Thoreau's Principle of Resistance
In
an op-ed article in the New York Times, undocumented immigrant Jose
Antonio Vargas asks: “What
will you do when they start rounding us up?” He is referring to
the announced persecution of immigrants by the forthcoming U.S.
government, under the pretext that it seeks “dangerous criminals.”
He asks U.S. citizens and residents to think about what their actions
will be when the time comes.
One
option, I suggest, is to uphold Henry
David Thoreau's principle of resistance to civil government.
In
1849, Henry David Thoreau asked a similar question regarding unjust
laws. At the time, the U.S. Constitution still enshrined slavery, the
U.S. Government had started the Mexican-American war in foreign soil,
and Fugitive Slave Acts would soon be passed by Congress. Thoreau
objected to all of these. At the same time, he knew he could not
fight every injustice.
So
he asked: “Unjust laws exist; shall we be content to obey
them, or shall we endeavor to amend them, and obey them until we have
succeeded, or shall we transgress them at once?”
His
answer was nuanced: “If the injustice is part of the necessary
friction of the machine of government, let it go, let it go;
perchance it will wear smooth — certainly the machine will wear
out. If the injustice has a spring, or a pulley, or a rope, or a
crank, exclusively for itself, then perhaps you may consider whether
the remedy will not be worse than the evil; but if it is of such a
nature that it requires you to be the agent of injustice to another,
then, I say, break the law.
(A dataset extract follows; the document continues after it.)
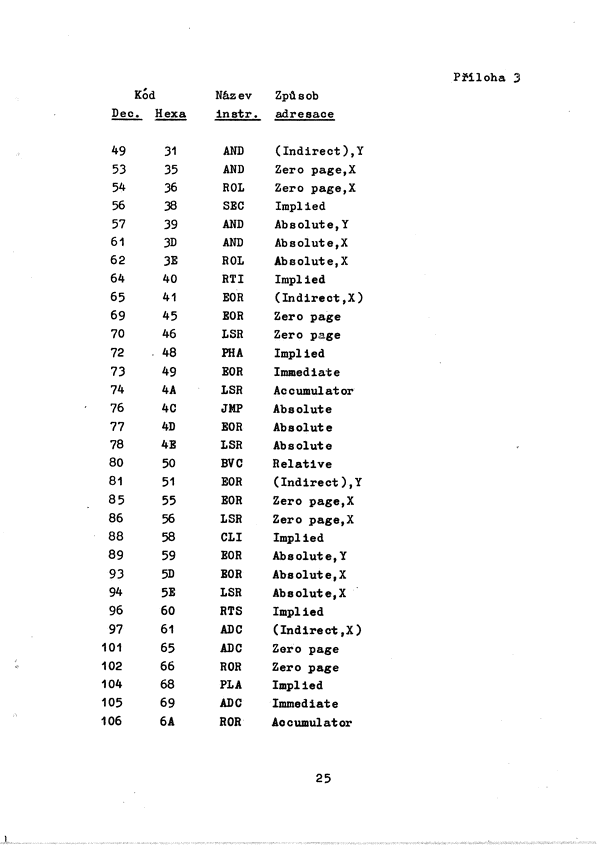 Strana 31 z 40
Let your life be a counter friction to
stop the machine. What I have to do is to see, at any rate, that I do
not lend myself to the wrong which I condemn.”
Some
unjust laws, if their range of influence is limited, can be left
alone until they become untenable in society or disruptive of the
government itself, so that executive disobedience or legislative
reform becomes necessary. But when a law requires a person to act
unjustly towards another, it must be broken.
The
Fugitive Slave Act, which required collaboration in returning runaway
slaves in the North to their owners in the South, became a perfect
example of a law that had to be disobeyed. Every person's moral
sense clearly perceived the injustice of the law, just as conscience,
when not blinded by expediency and contempt, clearly apprehended the
injustice of slavery itself.
If
the U.S. Government begins actively to persecute immigrants –
especially but not exclusively those who were brought as minors –,
or to obligate Muslims to register in lists for surveillance, or to
restrict civil liberties wholesale, it will be requiring grave
injustice from collaborating citizens. Then all citizens who are
committed to justice, not to mere written law or policy, must disobey
and let Government feel the full force of their principled
resistance.
We
must be aware, attentive, and responsive to the just demands of moral
sense. Then we might be revolutionaries for justice: “Action from
principle — the perception and the performance of right — changes
things and relations; it is essentially revolutionary.”